Plusieurs Montréalais, et même certains biologistes, ignorent que des opossums vivent déjà parmi eux. Les scientifiques croient que ces animaux deviendront éventuellement une créature assez commune sur l’île – peut-être aussi abondante que les écureuils ou les ratons laveurs.

Stéphane Lamoureux, biologiste au ministère de l’Environnement du Québec, reçoit depuis une décennie des signalements sporadiques de la présence d’opossums à Montréal et constate que le nombre d’appels à ce sujet est en hausse. Il en a reçu une douzaine jusqu’à présent cette année.

“Il s’agit certainement d’une espèce nouvelle et les gens ne sont pas habitués à les voir”, a-t-il témoigné. Les gens posent donc souvent beaucoup de questions à ce sujet.

Un avantage plus qu’une nuisance

Comme les kangourous et les koalas, les opossums sont des marsupiaux qui élèvent leurs petits dans leur poche. Les mères peuvent avoir plus de 20 bébés à la fois, même si beaucoup ne survivront pas. Ceux qui le font peuvent être vus accrochés au dos de leur mère pendant qu’elle cherche de la nourriture. Ces animaux sont principalement nocturnes et sont d’habiles charognards en milieu urbain, se cachant souvent sous des hangars ou utilisant d’anciens terriers de marmottes comme abri.

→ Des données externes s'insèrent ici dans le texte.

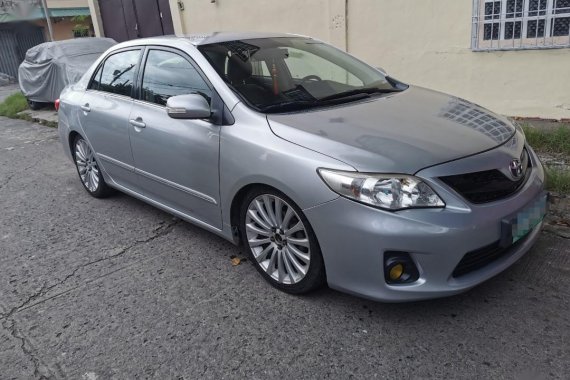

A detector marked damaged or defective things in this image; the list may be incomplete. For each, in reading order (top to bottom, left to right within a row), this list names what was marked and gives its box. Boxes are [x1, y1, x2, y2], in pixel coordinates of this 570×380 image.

Ce ne sont peut-être pas les mammifères les plus photogéniques, mais les scientifiques affirment que les gens n’ont pas grand-chose à craindre des opossums. Ils montreront les dents et siffleront s’ils sont confrontés, mais si l’on se sent vraiment menacé, ils s’effondreront souvent sur le côté, inconscients, et feindront la mort – en d’autres termes, joueront au opossum.

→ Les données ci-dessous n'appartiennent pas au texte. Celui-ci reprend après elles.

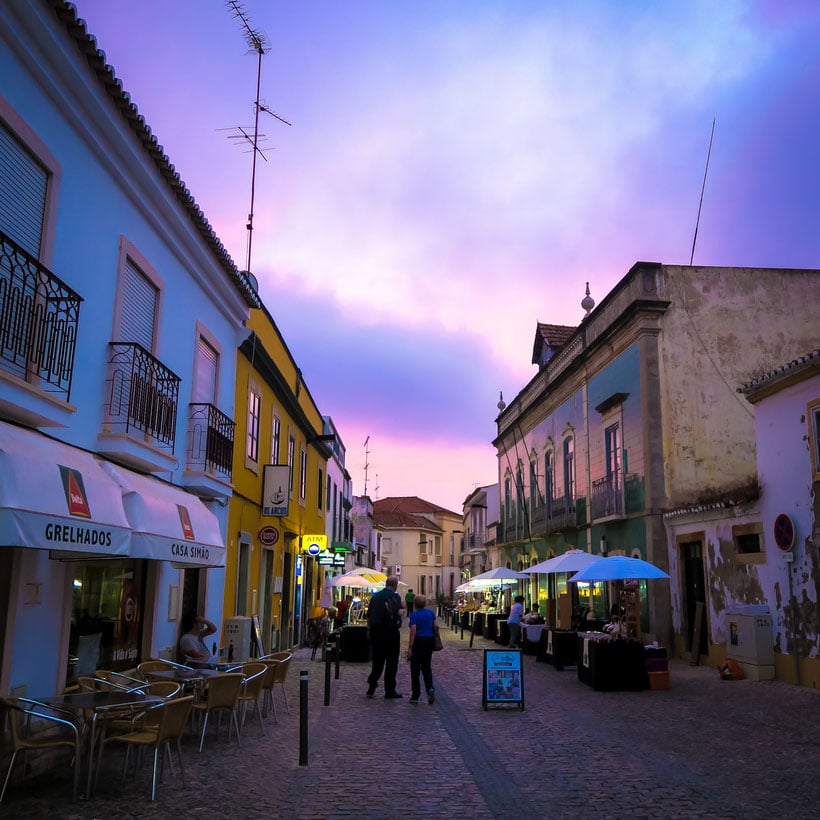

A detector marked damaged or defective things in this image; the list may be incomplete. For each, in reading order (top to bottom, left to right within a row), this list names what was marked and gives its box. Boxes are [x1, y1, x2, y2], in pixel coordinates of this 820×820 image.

« Je ne les considérerais pas comme une espèce agressive, à moins que vous n’essayiez d’en attraper un », a déclaré Sheldon Owen, un scientifique de la faune à l’Université de Virginie-Occidentale.

Il a expliqué que dans sa région, les gens sont habitués à voir des opossums dans les cours et au bord des routes, et qu’ils sont généralement perçus sous un jour positif. Ils mangent des tomates et finissent parfois dans les poubelles ou les poulaillers, mais ils nettoient aussi les animaux tués sur la route.

« Ils représentent en réalité un avantage pour l’ensemble du paysage ici en Virginie-Occidentale », a déclaré le spécialiste.

Une présence peu remarquée

Au cours des dernières années, des opossums ont été aperçus un peu partout en ville. Karine Huard, une résidente de Montréal, a aperçu une famille de trois ou quatre opossums l’an dernier dans l’arrondissement de LaSalle, au sud-ouest de la ville. Plus tôt ce mois-ci, Jean-Sébastien Côté en a aperçu un devant la porte d’entrée d’une maison près de Côte-St-Paul.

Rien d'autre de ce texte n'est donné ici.